The holiday many Americans celebrate on Oct. 31 is rooted in European traditions. But today, Halloween, like the rest of American pop culture from movies to music, now runs amok the world over.

And as in the US, commercialization is driving – and altering – the holiday dramatically as well. In the US, Halloween sales - on candy, costumes, decorations, and parties – now generates $6.9 billion annually, or almost $75 per person, and businesses can get scary in their tactics to cash in on it, The Christian Science Monitor reported.

Halloween has emerged an American tourist attraction for British visitors, the BBC reported. 

Thousands of British tourists are drawn to haunted houses and mazes at some of the 80 different Halloween attractions in Florida, the second-largest tourist destination for people visiting from the United Kingdom, the BBC reported. The state drew 23.7 million visitors around Halloween in 2014, an increase of 8.5 percent from 2013.

America's commercial tastes have not only transformed an autumnl celebration into one of the year's most expensive events, they have also exported Halloween to other countries.

Pumpkins decorate department stores and parks in Taiwan, and children now celebrate Oct. 31 at school with treats and traditional Halloween costumes, such as witches and fairies, according to the Sydney Morning Herald.

An October, ghost-oriented celebration is a very new import, says Sarah Zimmerman, who was born in Taiwan but moved to the United States as a child.
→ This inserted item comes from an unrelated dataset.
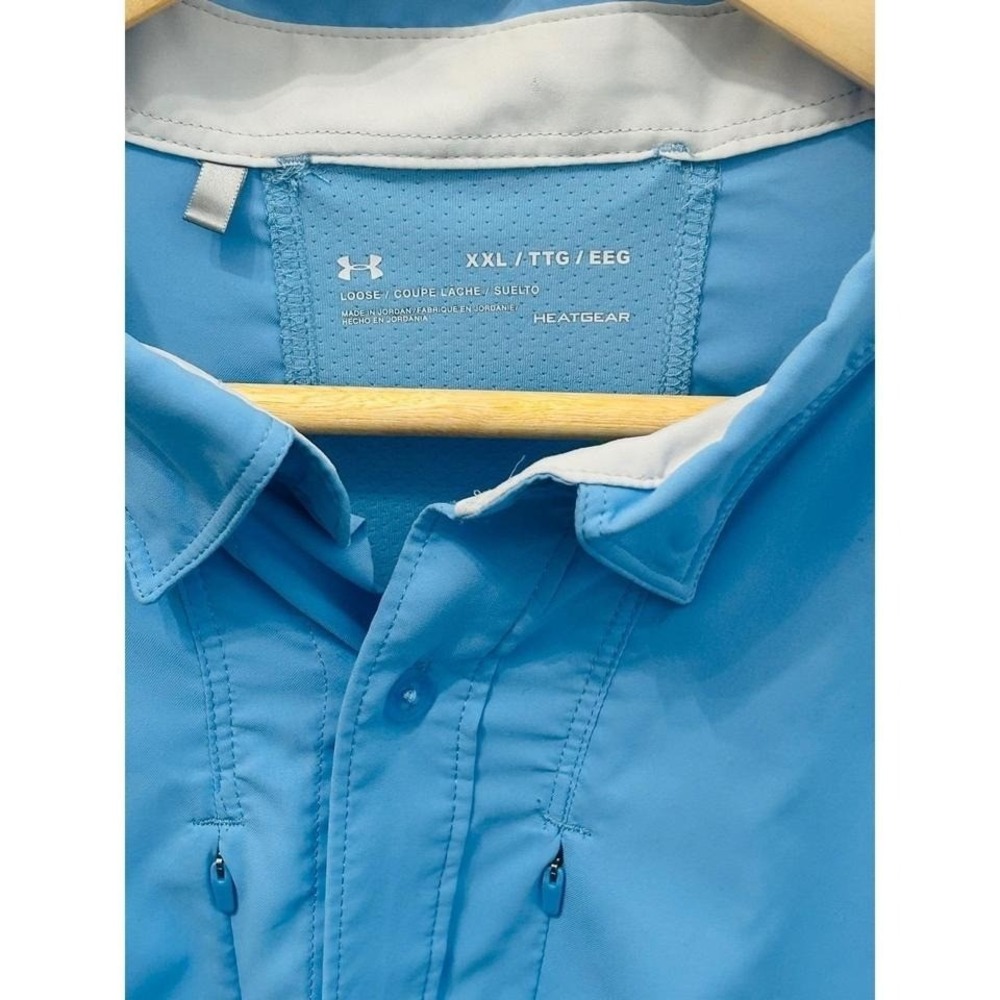 Under Armour Tide Chaser Fishing Shirt Blue XXL Short Sleeve Vented HeatGear - Picture 2 of 6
Some people who lived near foreigners might have exchanged a few treats during her childhood in Taiwan, but there were certainly no costumes. Ms. Zimmerman compares the Chinese "Ghost Day," celebrated in early July to Halloween (or Mexico's November holiday, Day of the Dead) when people leave treats so that "ghosts" don't bother them.
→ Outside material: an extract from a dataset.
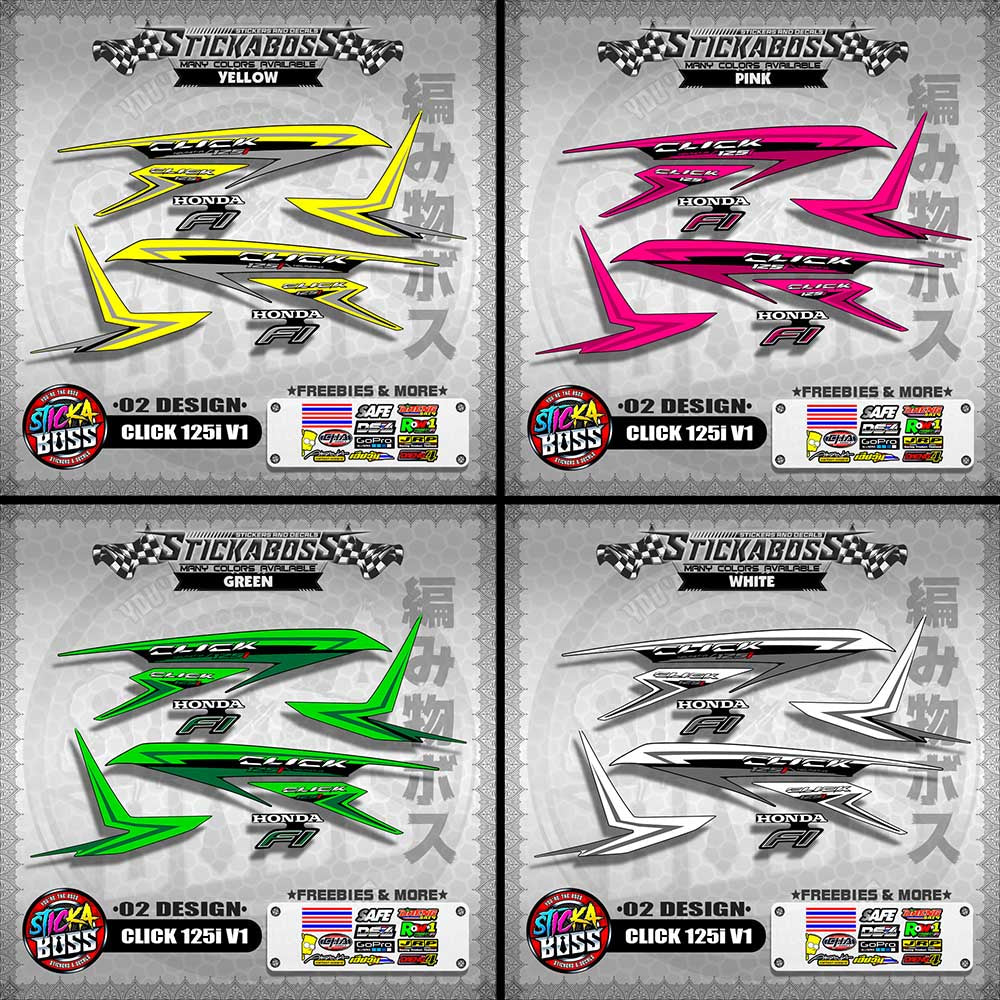 CLICK 125I V1 STOCK DECALS ( 02 DESIGN )【WITH FREEBIES】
"It's kind of like trick-or-treating, but in America we flip it around," Zimmerman tells The Christian Science Monitor in a phone interview. "So we're like the ghosts, but in Taiwan you give (the ghosts) treats so they don't trick you." 

In Japan, the American Halloween has been adopted as an occasion to celebrate fall by decorating one's home and self, according to The Associated Press.

Japanese Halloween fans have little interest in ghosts or witches, and most don't know what "trick-or-treat" means, but on Oct. 31, they are ready to party. Teenagers, especially, dress up and parade in costume, and plaster the resulting photos all over social media. The revelry can last for the entire month of October, and it costs at least 20 billion yen, or $170 million, per year, the AP reports. 

"Businesses are eager to use something that's this well-known to everyone as an opportunity," Yasushi Senoo, who has been studying the economics of the spooky season as chief research analyst at Mitsubishi UFJ Research and Consulting in Tokyo, told the AP.